Just a few days after Hong’s piece set social media aflutter, the Guardian ran a piece on the late career renaissance of iconic dyke poet Eileen Myles. The interview/career overview is well worth a read just for the reader to have the chance to bask in Myles’ worldview – an amalgam of working-class grit, fierce intellectualism, old-school socially progressive (even subversive) politics, and a generosity of heart and spirit that are at the core of her queer world view. To gauge something of her unyielding integrity as captured in the interview, check her blithe dismissal of Patti Smith’s near universally acclaimed memoir Just Kids – Myles ain’t buying the puffery with which Smith has enchanted the world.

What makes the Myles interview especially relevant is the way it underscores her and her work being in conversation with the school of poets and poetry that Hong says is the future. Myles honed her voice and craft before MFAs wreaked the havoc they’ve wreaked on the literary world.
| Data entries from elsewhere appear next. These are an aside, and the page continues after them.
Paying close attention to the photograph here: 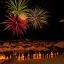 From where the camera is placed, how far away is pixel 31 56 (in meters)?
9.49

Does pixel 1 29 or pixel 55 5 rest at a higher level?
pixel 55 5

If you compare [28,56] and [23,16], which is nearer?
[28,56]

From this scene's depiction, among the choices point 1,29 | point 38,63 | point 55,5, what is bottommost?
point 38,63

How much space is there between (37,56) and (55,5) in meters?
5.69

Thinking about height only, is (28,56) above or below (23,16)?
below

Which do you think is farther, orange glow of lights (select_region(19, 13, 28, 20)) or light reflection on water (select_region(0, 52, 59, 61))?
orange glow of lights (select_region(19, 13, 28, 20))

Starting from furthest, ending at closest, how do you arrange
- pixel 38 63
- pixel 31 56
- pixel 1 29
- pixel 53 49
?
pixel 1 29 < pixel 53 49 < pixel 31 56 < pixel 38 63

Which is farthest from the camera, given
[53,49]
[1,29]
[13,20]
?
[1,29]

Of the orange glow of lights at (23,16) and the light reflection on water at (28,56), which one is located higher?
the orange glow of lights at (23,16)

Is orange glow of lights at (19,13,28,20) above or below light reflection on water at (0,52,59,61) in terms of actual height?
above

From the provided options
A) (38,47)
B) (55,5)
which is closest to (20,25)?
(38,47)

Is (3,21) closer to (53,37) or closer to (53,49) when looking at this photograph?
(53,37)

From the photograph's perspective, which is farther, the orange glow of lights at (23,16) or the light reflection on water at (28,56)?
the orange glow of lights at (23,16)

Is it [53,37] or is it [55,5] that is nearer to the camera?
[53,37] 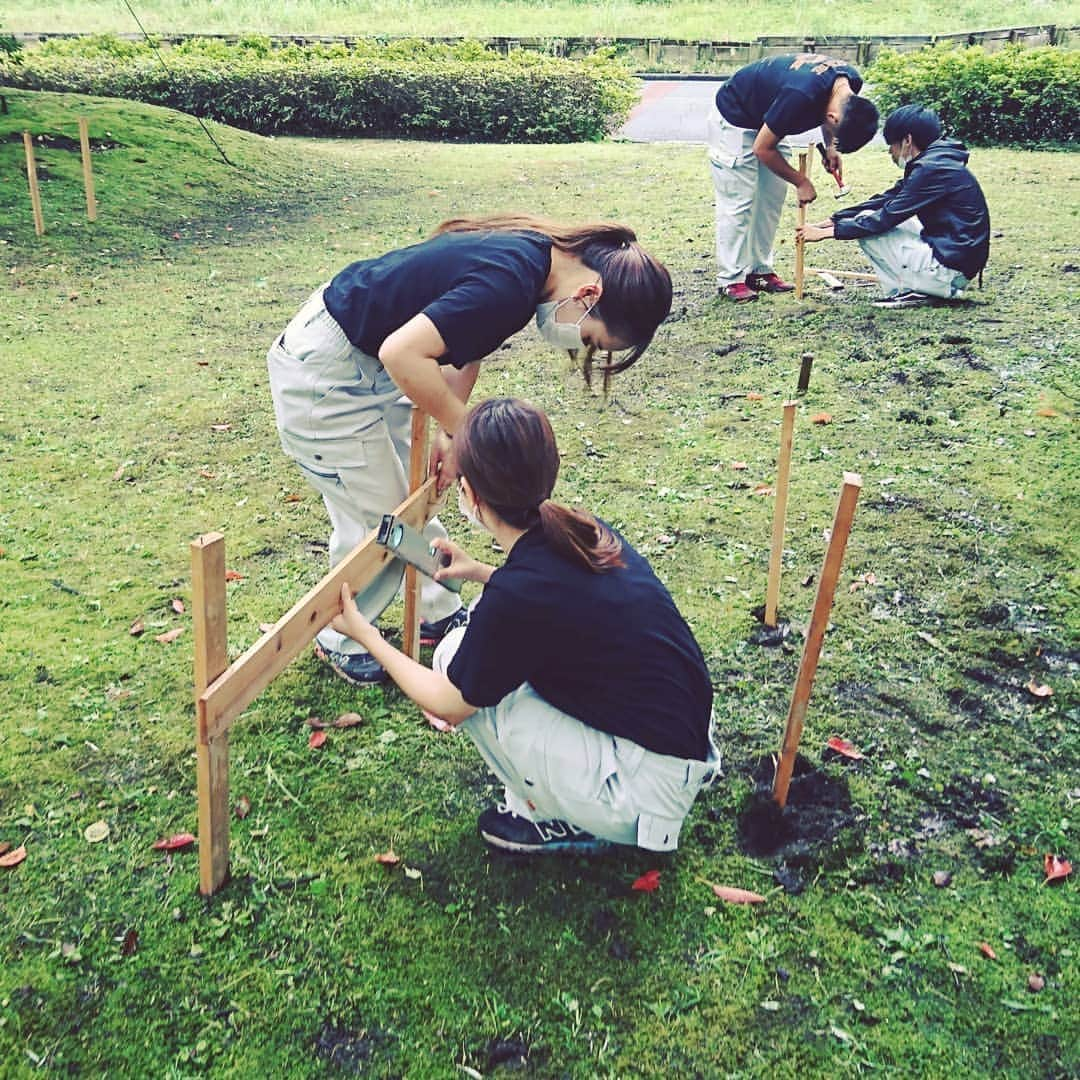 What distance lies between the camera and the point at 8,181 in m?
10.0

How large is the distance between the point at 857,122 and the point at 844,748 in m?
4.36

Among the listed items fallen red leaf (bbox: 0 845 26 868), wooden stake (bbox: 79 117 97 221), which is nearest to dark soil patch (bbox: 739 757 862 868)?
fallen red leaf (bbox: 0 845 26 868)

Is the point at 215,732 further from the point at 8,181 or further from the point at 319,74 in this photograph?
the point at 319,74

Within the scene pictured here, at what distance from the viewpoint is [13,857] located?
2.72 meters

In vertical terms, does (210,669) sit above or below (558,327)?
below

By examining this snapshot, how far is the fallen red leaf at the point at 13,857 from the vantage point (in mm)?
2697

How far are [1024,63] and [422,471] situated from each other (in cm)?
1249

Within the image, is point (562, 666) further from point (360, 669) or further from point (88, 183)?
point (88, 183)

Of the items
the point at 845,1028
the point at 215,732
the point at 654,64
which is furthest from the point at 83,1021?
the point at 654,64

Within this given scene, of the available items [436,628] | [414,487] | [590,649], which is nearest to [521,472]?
[590,649]

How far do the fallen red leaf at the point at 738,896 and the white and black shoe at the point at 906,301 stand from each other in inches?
205

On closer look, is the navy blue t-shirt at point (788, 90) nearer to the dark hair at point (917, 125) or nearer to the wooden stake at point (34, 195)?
the dark hair at point (917, 125)

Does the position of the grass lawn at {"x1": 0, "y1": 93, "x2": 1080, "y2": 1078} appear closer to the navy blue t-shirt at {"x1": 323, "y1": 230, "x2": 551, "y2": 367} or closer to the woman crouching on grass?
the woman crouching on grass

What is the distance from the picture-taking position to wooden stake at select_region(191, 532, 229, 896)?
2.17 meters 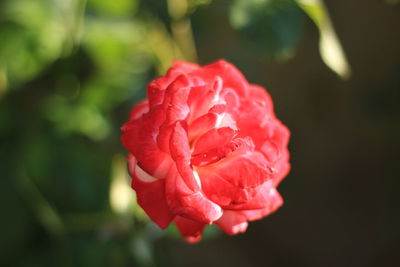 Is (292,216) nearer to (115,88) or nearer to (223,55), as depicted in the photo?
(223,55)

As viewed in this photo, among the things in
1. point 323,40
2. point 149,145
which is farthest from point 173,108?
point 323,40

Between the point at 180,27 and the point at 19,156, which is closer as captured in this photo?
the point at 180,27

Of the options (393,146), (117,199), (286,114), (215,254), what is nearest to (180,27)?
(117,199)

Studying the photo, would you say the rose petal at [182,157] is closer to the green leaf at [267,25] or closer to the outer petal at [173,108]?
the outer petal at [173,108]

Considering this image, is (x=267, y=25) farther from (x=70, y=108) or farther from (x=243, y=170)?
(x=70, y=108)

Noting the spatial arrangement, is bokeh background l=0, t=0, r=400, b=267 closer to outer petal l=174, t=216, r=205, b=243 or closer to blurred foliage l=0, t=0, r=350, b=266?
blurred foliage l=0, t=0, r=350, b=266

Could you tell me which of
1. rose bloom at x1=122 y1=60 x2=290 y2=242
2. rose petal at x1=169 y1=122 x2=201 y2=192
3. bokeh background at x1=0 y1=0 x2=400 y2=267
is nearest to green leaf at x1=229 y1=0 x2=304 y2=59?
bokeh background at x1=0 y1=0 x2=400 y2=267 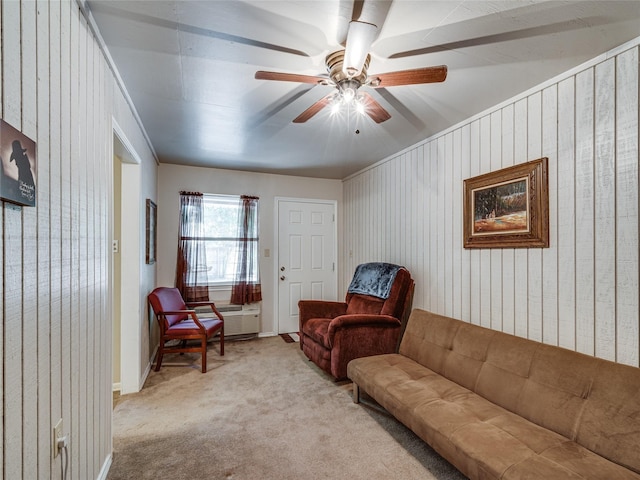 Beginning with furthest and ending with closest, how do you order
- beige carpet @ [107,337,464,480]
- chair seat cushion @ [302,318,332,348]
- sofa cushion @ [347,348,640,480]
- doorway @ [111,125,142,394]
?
1. chair seat cushion @ [302,318,332,348]
2. doorway @ [111,125,142,394]
3. beige carpet @ [107,337,464,480]
4. sofa cushion @ [347,348,640,480]

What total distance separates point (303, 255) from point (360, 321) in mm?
2066

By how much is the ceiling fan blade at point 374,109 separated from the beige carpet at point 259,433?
7.09 feet

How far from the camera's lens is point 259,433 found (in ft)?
7.25

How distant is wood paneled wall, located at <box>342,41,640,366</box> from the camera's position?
1.75 metres

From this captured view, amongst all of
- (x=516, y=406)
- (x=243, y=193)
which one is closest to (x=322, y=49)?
(x=516, y=406)

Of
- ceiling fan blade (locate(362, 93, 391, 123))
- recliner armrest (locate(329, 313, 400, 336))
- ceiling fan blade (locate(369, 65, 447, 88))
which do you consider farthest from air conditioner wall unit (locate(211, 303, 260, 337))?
ceiling fan blade (locate(369, 65, 447, 88))

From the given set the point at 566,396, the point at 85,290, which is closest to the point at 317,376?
the point at 566,396

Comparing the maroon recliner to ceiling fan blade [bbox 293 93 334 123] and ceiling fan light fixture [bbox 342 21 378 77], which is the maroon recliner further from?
ceiling fan light fixture [bbox 342 21 378 77]

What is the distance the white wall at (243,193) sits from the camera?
13.6ft

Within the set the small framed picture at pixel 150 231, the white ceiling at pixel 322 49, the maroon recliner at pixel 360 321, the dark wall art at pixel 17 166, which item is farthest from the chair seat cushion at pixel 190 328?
the dark wall art at pixel 17 166

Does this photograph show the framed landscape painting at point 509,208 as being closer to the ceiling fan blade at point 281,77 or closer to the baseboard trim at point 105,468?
the ceiling fan blade at point 281,77

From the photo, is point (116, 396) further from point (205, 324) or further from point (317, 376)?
point (317, 376)

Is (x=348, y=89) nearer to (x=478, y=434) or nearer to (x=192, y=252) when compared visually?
(x=478, y=434)

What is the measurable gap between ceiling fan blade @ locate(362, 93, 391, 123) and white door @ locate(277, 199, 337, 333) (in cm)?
270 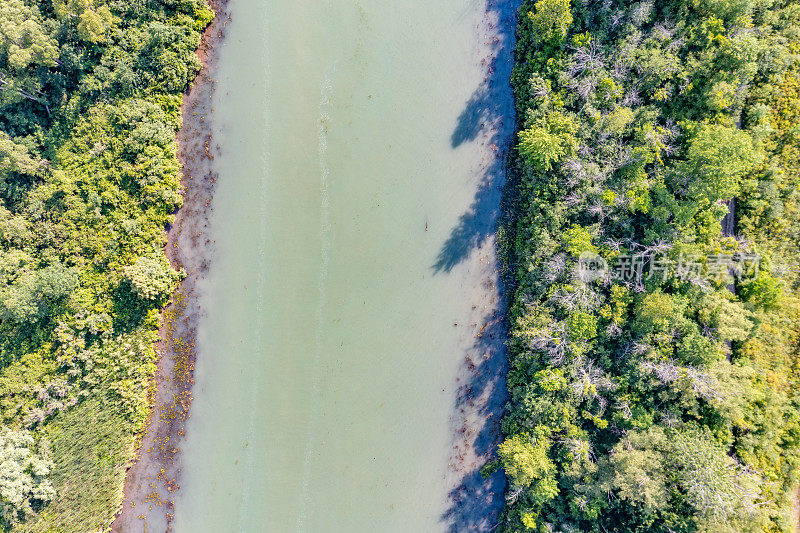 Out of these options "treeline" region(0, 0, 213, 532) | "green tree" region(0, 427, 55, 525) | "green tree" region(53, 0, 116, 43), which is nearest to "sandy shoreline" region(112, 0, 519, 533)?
"treeline" region(0, 0, 213, 532)

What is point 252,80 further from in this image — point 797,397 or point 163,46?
point 797,397

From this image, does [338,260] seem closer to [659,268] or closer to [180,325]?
[180,325]

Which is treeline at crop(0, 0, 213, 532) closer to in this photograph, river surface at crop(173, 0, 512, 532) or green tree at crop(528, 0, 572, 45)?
river surface at crop(173, 0, 512, 532)

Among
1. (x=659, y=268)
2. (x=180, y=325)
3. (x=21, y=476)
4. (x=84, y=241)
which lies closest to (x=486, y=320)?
(x=659, y=268)

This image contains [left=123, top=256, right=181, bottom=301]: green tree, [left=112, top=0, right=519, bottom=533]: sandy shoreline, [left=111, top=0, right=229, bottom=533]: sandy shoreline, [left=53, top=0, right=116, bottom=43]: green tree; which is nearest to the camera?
[left=53, top=0, right=116, bottom=43]: green tree

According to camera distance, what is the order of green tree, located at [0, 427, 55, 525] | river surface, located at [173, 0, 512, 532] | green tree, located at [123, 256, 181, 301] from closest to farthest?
green tree, located at [0, 427, 55, 525] < green tree, located at [123, 256, 181, 301] < river surface, located at [173, 0, 512, 532]
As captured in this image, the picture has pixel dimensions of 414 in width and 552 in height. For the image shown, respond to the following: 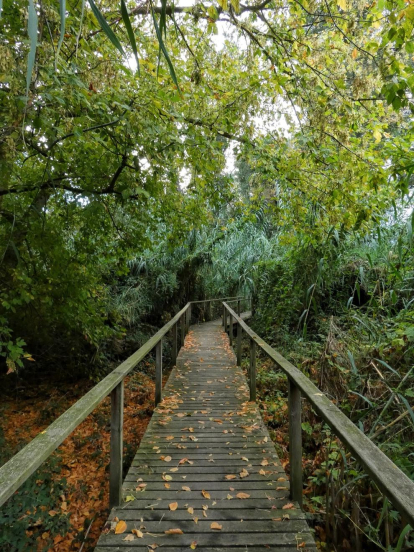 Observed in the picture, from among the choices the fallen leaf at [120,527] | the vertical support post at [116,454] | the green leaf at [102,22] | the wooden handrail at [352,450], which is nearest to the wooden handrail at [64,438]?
the vertical support post at [116,454]

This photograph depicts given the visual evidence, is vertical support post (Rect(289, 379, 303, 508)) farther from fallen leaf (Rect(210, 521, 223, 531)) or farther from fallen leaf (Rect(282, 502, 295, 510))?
fallen leaf (Rect(210, 521, 223, 531))

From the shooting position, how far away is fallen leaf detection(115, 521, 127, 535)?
7.94ft

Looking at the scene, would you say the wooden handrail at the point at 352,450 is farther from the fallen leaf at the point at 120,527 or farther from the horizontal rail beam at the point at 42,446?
the horizontal rail beam at the point at 42,446

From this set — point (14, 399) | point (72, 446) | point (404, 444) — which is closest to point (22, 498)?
point (72, 446)

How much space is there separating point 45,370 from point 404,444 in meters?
8.72

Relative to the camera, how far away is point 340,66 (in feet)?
16.2

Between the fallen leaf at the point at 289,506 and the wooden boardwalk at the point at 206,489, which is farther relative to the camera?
the fallen leaf at the point at 289,506

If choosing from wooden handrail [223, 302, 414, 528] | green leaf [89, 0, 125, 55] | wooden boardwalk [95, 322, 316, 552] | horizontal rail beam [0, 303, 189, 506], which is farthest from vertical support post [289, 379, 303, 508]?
green leaf [89, 0, 125, 55]

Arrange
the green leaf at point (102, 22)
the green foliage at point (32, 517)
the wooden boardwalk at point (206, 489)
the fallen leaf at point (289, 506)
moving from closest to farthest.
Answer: the green leaf at point (102, 22), the wooden boardwalk at point (206, 489), the fallen leaf at point (289, 506), the green foliage at point (32, 517)

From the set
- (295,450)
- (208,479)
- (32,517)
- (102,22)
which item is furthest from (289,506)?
(102,22)

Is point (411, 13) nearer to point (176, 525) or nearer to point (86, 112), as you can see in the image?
point (86, 112)

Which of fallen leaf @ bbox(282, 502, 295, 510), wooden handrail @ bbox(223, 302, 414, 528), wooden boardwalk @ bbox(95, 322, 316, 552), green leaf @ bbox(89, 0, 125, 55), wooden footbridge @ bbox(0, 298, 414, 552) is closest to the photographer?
green leaf @ bbox(89, 0, 125, 55)

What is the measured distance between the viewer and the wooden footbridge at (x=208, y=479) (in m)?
A: 1.68

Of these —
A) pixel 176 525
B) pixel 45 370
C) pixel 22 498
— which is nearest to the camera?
pixel 176 525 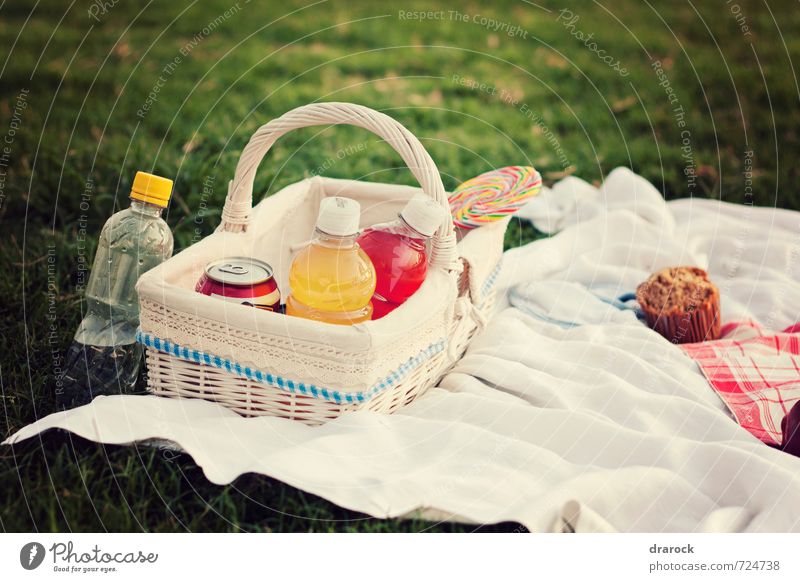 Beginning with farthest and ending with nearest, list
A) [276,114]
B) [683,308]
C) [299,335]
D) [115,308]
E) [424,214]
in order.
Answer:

Her work is about bringing in voices and perspectives historically left on the margins. “I grew up understanding that I was smart,” she says in the article, “but also understanding that other people didn’t think so.”

When asked how to solve the contemporary (yet age old) dilemmas around being a poet – living in cities hostile to the poor, navigating a conservative literary establishment – Myles says, “People just have to blow it up.”